Minggu pagi itu, saya pacu mobil lebih cepat dari biasanya, didorong bahwa hari ini harus lebih dulu sampai di bukit itu. Parkir, kemudian setengah berlari menuju puncaknya. Aummmm... saya berteriak, perhatian saya hinggap di beberapa titik; kota kecil Karratha, saung permanen tempat berteduh, bukit-bukit berwana perak, matari, penunjuk jalan setapak, plat informasi, semak, batu, ular, kangguru, goana, spinifex, dan empat binatang terakhir itu tidak terlihat, namun pasti mereka ada di sekitar saya, di belukar.

Cerita ini dimulai dari visitor center Karratha..., memberikan pelayanan jasa bagi siapapun yang membutuhkan informasi sekitar Karratha atau wilayah The West Pilbara lebih umumnya. Saya memilih jalur hiking dimana berserakan peninggalan pra-sejarah kaum aborigin. Jaburara Heritage Trail, panjang kurang lebih 3,5 km, pendek sih. Bisa ditempuh kurang dari 1 jam jalan kaki biasa tanpa istirahat. Namun akan butuh lebih dari beberapa jam jika ingin mencari dan kemudian melihat lebih dekat karya2 orang aborigin masa lampau itu. Saya sendiri butuh sekitar 3 jam untuk mencari dan menikmatinya, mungkin kalau saya seorang arkeolog pasti lebih lama dari 3 jam, mugkin juga berulang-ulang datang lagi, mungkin juga saya menjadikannya ladang riset.

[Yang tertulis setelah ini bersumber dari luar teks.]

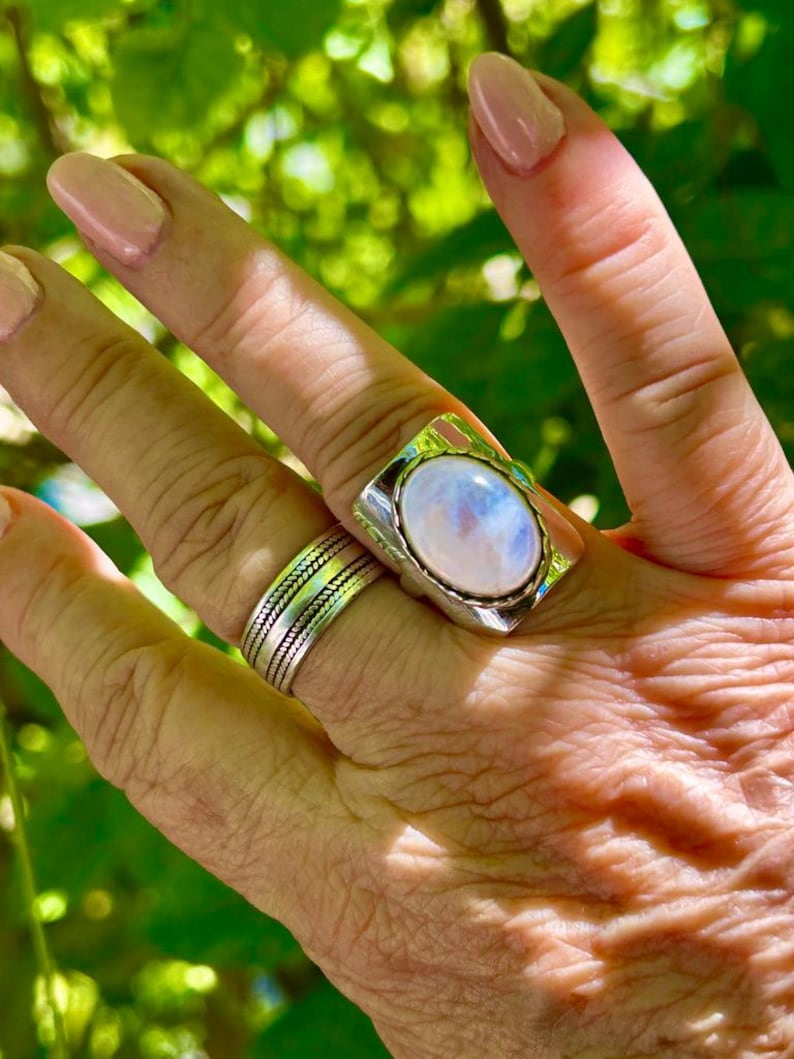 Puede incluir: Un anillo de plata con una gran piedra de luna ovalada engastada en un engaste de bisel. El anillo se lleva en un dedo con un anillo de banda de plata en el dedo de al lado.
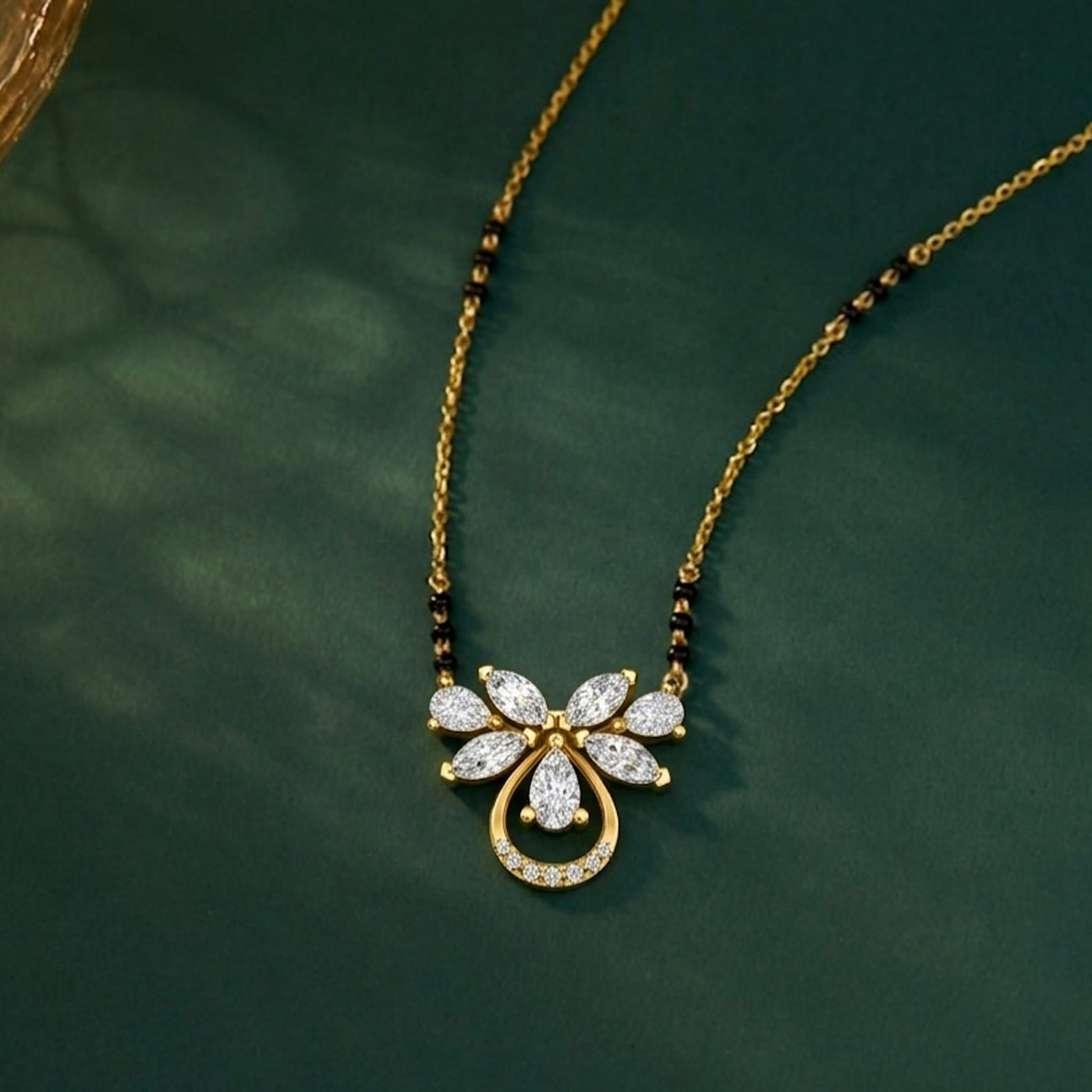 A gold and diamond mangalsutra with a butterfly set with clear stones, displayed on a dark green textured background.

Jaburara Heritage Trail, adalah sekelumit peradaban yang ditinggalkan suku Jaburara, diucapkan Yabura, Yaburara oleh orang setempat. Diperkirakan jalur sepanjang 3,5 kilometer dengan radius wilayah 5 kilometer ini pernah dijadikan tempat berlindung, basis atau camp suku Jaburara. Di utara jalur ini terlihat jelas sebuah teluk, yang saat ini disebut dengan Nickol Bay dan Tanjung yang saat ini disebut Burrup Peninsula. Jarak ke teluk atau tanjung ini kurang lebih 3-5 kilometer, jadi tempat ini juga cocok dijadikan tempat istirahat, bermain, bercengkrama dan berkomunikasi melalui petroglyphs yang berserak sepanjang trail.

Begitu menginjakan kaki di titik start (barat visitor center), saya sudah disuguhkan dengan deretan batu merah yang nampak rapuh, tapi susunannya membuat hati bergumam: "mungkin di situ ada beberapa petrtoglyph". Namun jangan terkecoh, karena gambar petroglyph disamping tidak saya temukan di tempat yang sulit dijangkau, tapi selalu ada di tempat yang mudah dilihat, landai, dan memiliki pemandangan ke terbuka ke berbagai arah.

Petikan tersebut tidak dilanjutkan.